## [THE PROBLEM]
Write out, exactly and in full, the records given below, but not their pictures.

## [SOURCE MATERIAL]
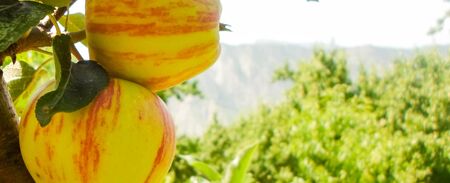 Large green and red apples on apple tree branches in the garden on a summer dayの写真素材
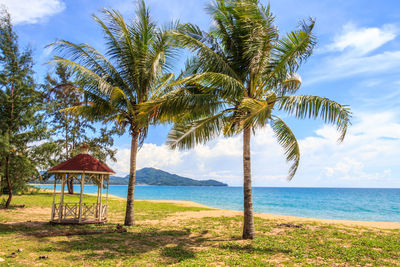 Coconut palm trees on beach against sky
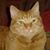 Joanne Ferrell's profile image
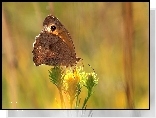 Strzępotek Ruczajnik, Brązowy, Motyl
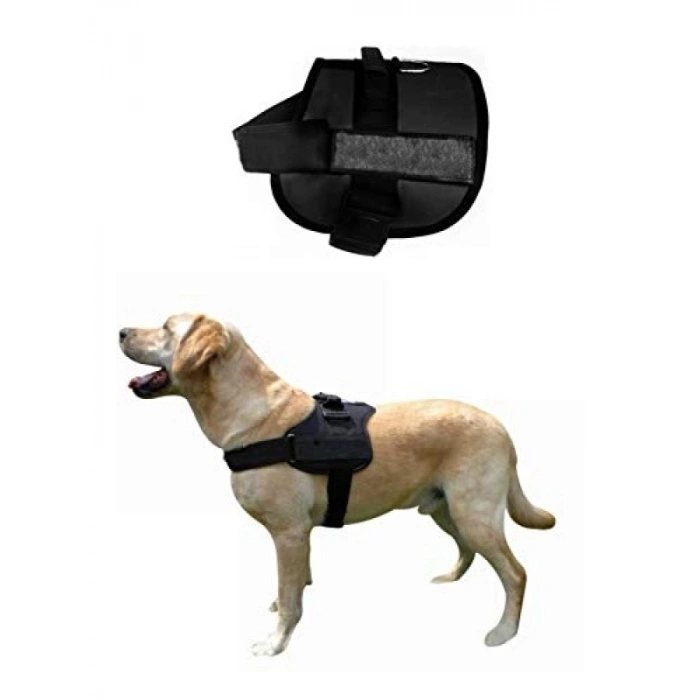 Büyük Irk Köpek İçin Rahat Eğitim Göğüs Tasması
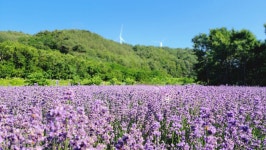 바람길꽃마을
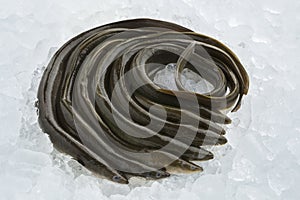 Fresh raw eels on ice
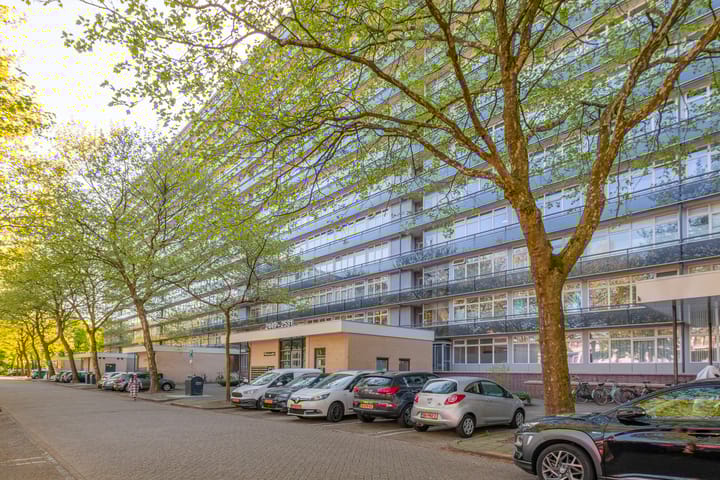 Foto 1 van Laan van Vollenhove 2637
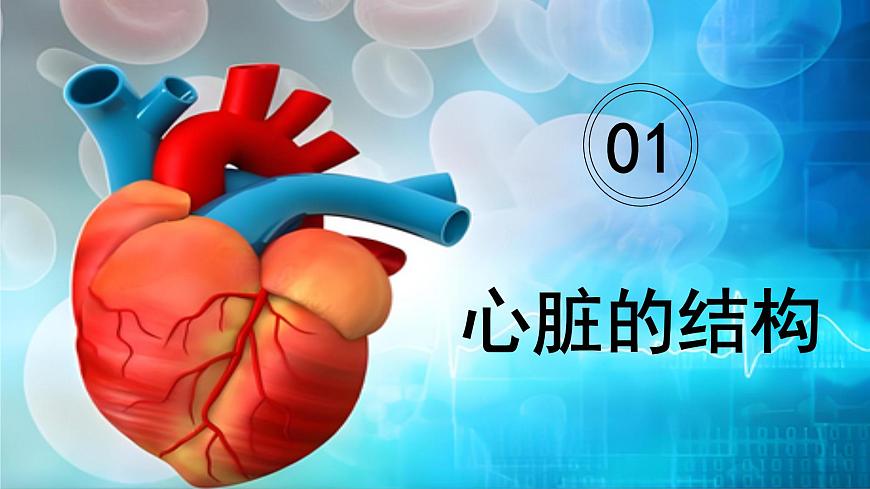 4.4.3+输送血液的泵——心脏（课时1） 2025学年七年级生物下册人教版课件第4页
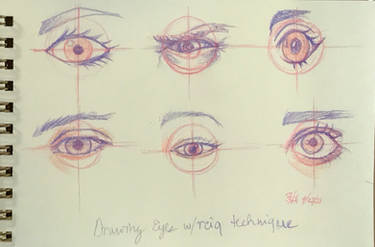 Eye practice with REIQ
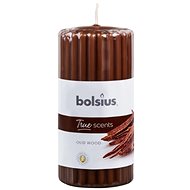 BOLSIUS True Scents Oud Wood 120 × 58 mm - Svíčka
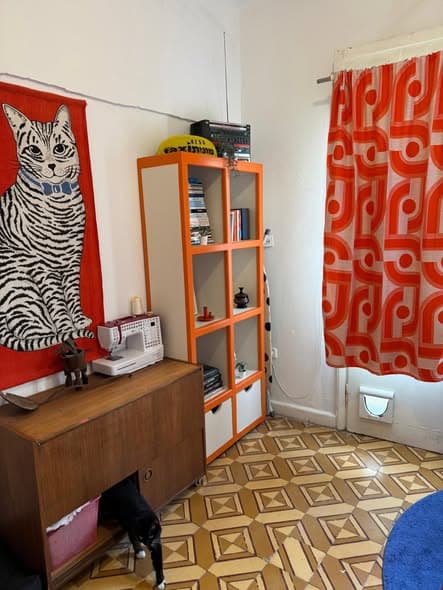 3 room sublet in Florentin - Photo 2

## [WRITTEN RESPONSE]
 Large green and red apples on apple tree branches in the garden on a summer dayの写真素材
 Coconut palm trees on beach against sky
 Joanne Ferrell's profile image
 Strzępotek Ruczajnik, Brązowy, Motyl
 Büyük Irk Köpek İçin Rahat Eğitim Göğüs Tasması
 바람길꽃마을
 Fresh raw eels on ice
 Foto 1 van Laan van Vollenhove 2637
 4.4.3+输送血液的泵——心脏（课时1） 2025学年七年级生物下册人教版课件第4页
 Eye practice with REIQ
 BOLSIUS True Scents Oud Wood 120 × 58 mm - Svíčka
 3 room sublet in Florentin - Photo 2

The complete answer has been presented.